50 Shades of Tokyo Desserts | Shade: 30
One of the things that I admire most about Japanese culture is the ability to make everything aesthetically pleasing and visually stimulating. Whether it is an art form they create or food they plate, everything evokes a sense of beauty, stimulates the mind and awakens all five senses. This is particularly true about traditional Japanese confections which are a perfect subtle sweet complement to the bitterness of matcha tea, and is an accompaniment to any tea ceremony in Japan. There are different varieties, but I’m particularly keen on namagashi – desserts which are molded in different shapes and form to reflect the seasonal motifs. Couple of my favorite high-end tea houses that serve artisan wagashi are Kosoan, Higashiya Ginza and Toraya. If you share my enthusiasm for wagashi, you should also visit Tokyo Mise, wagashi shop located in Corredo Muromachi 3 Shopping Center in Nihonbashi (a place I like to call the Fifth Avenue of Tokyo).

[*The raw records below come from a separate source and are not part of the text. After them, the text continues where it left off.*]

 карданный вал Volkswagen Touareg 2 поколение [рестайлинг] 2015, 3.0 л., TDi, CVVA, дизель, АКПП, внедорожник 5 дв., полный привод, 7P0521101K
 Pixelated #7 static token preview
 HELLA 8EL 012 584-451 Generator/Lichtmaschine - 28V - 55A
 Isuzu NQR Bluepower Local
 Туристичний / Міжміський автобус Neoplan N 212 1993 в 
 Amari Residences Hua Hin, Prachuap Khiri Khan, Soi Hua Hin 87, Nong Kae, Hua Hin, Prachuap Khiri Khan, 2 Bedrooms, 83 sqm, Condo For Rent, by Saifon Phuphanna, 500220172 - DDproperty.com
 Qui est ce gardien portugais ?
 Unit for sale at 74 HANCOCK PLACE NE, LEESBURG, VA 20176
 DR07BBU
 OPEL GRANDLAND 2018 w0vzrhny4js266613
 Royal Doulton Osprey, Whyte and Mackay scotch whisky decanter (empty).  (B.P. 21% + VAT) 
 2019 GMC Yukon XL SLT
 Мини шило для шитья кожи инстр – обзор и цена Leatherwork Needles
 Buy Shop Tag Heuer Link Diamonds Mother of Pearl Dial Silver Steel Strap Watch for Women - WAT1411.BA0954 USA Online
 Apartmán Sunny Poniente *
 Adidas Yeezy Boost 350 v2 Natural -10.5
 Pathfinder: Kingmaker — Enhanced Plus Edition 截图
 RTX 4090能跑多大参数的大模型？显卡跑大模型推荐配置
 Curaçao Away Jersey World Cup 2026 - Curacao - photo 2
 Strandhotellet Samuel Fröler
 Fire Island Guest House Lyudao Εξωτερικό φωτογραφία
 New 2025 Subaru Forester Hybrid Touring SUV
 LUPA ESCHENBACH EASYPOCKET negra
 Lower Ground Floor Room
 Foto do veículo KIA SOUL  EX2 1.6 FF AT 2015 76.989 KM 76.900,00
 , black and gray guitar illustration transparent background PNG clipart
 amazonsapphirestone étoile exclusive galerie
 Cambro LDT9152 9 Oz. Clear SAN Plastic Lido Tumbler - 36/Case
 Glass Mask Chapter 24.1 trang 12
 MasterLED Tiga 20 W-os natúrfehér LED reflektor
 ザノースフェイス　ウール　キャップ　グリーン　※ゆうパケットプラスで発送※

Tokyo Mise is a flagship store of Tsuruya Shinobu, a confectionery founded in 1803 in the Nishijin district of Kyoto. The shop in Nihonbashi has both a sit-down tea salon and a retail space where one can pick up a couple of sweets to go. What makes Tokyo Mise stand out among other tea salons is that you can see first hand how these artisan confections are made. Two confectioners mold wagashi in front of your eyes a la minute. The sweets depict different seasonal motifs. For example, when I visited together with Em at Catch52 in May, we enjoyed a selection of Azalea-inspired creations because it was peak season for these flowers to bloom. You can order individual sets that feature one wagashi + delicious matcha tea, or do like we did and order all three sweets!
What these wagashi are made of is a combination of red bean paste covered in a multicolored, strained sweetened white bean paste. The sweets pair wonderfully with the earthy matcha tea, balancing its bitter taste.